| Task description |
Once you find a line containing the word "Photo" in the entries below, copy it.

..............................

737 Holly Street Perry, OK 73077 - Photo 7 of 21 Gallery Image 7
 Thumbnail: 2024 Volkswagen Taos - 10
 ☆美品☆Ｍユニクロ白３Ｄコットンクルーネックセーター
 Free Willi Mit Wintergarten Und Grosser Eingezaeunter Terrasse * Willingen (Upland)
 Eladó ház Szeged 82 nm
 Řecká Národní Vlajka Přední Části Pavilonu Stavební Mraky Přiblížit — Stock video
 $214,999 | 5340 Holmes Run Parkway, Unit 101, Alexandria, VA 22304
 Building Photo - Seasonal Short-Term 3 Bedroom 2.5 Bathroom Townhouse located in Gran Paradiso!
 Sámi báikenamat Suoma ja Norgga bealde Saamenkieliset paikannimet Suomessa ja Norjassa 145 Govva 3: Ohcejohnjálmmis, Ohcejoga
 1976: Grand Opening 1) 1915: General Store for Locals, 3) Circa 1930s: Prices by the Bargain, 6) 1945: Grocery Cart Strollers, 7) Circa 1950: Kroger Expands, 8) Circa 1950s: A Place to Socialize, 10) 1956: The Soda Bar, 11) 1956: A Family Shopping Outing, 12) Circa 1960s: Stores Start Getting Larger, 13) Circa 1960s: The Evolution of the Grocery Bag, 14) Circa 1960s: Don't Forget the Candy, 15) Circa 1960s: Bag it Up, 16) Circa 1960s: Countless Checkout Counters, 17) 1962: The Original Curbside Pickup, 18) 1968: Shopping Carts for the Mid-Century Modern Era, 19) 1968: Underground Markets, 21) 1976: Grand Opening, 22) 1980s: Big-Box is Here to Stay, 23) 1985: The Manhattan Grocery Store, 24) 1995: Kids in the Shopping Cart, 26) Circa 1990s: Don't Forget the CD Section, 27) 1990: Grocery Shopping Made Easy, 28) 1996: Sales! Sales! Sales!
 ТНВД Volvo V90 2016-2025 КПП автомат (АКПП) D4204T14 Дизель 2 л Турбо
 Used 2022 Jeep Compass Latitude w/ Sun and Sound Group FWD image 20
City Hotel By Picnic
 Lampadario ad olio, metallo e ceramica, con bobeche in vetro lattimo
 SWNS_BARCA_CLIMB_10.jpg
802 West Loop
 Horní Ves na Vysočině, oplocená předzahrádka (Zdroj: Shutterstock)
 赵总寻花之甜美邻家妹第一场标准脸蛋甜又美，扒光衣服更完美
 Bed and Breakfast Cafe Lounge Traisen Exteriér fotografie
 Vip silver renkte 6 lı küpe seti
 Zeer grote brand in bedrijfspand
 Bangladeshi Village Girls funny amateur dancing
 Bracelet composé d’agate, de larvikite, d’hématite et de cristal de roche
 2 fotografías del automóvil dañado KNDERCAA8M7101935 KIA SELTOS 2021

..............................

| Result |
737 Holly Street Perry, OK 73077 - Photo 7 of 21 Gallery Image 7
 Building Photo - Seasonal Short-Term 3 Bedroom 2.5 Bathroom Townhouse located in Gran Paradiso!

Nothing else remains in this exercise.